In fact, the only animal I don't find that to be true for, is rabbits. I was so pleasantly surprised to find out how easy they were to clean up after. The only poops Felix leaves out are his dry 'hay balls'; he always leaves any excess cecotropes either in his litter box, or the bottom of his cage (and tends to go back and try to eat them later, silly little guy!).


----------



## Imbrium (Dec 16, 2013)

njbunny said:


> LOL! I was thinking that my husband shoes (which he keeps forgetting to take off before entering the house) are probably dirtier then Spots poops!

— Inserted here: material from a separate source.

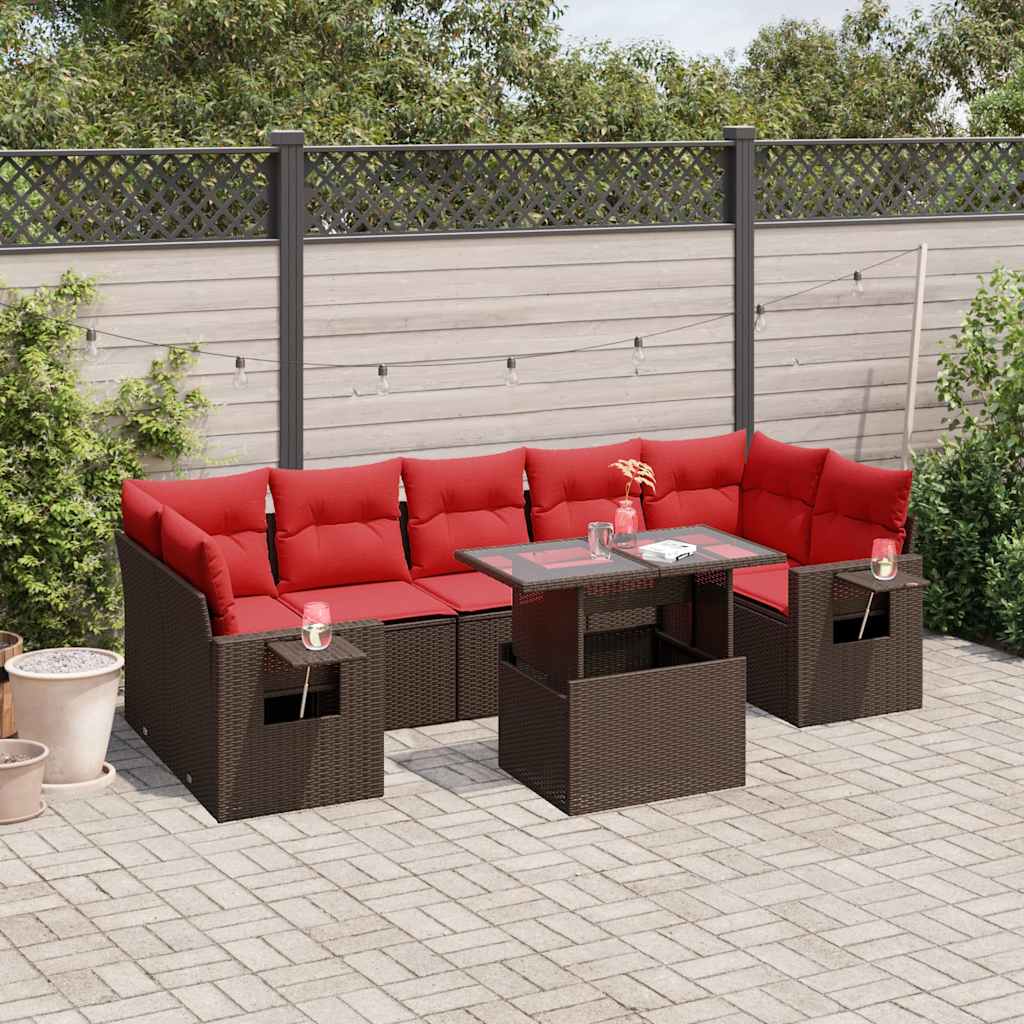 vidaXL 8-delige tuinbankset met kussens, zwart polyrotan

I would lick a bunny poop before I licked the bottom of a shoe (though of course I'd rather lick neither!). I took a nap last week with the loaf (Gaz) in the bed with me and woke up to find I was laying on copious amounts of hay and bunny poop. I was more offended by the hay because it's itchy, lol. I just scooped the poops up with my hand and threw them in the trash.


----------



## Nancy McClelland (Dec 16, 2013)

We have only had one out of more than 40 rescues that would only poop and pee in her pan. The rest are any where from active to overactive. Stockton would sit in one place for ten minutes and leave about 30 while Hoss would leave 1 or 2. I bought a shop vac for that reason alone. They are considered to be potty trained if they pee in a litterbox, so, a few scattered dry poops are nothing. Tell your husband to read up on it here for a reality check and remind him of how truly filthy his shoe soles are in comparison--I never use a bathroom outside of our house and we have a friend in Dallas that drives home from work to use the bathroom so it's not just me and yet the bunny voiding doesn't bother me at all.


----------



## Sophie's Humble Servant (Dec 16, 2013)

I'm a germaphobe and Sophie's poop doesn't bother me at all for some reason. Maybe it's because she's such a clean little veggie mite, I dunno but they don't bother me at all when they fall on the carpet.


----------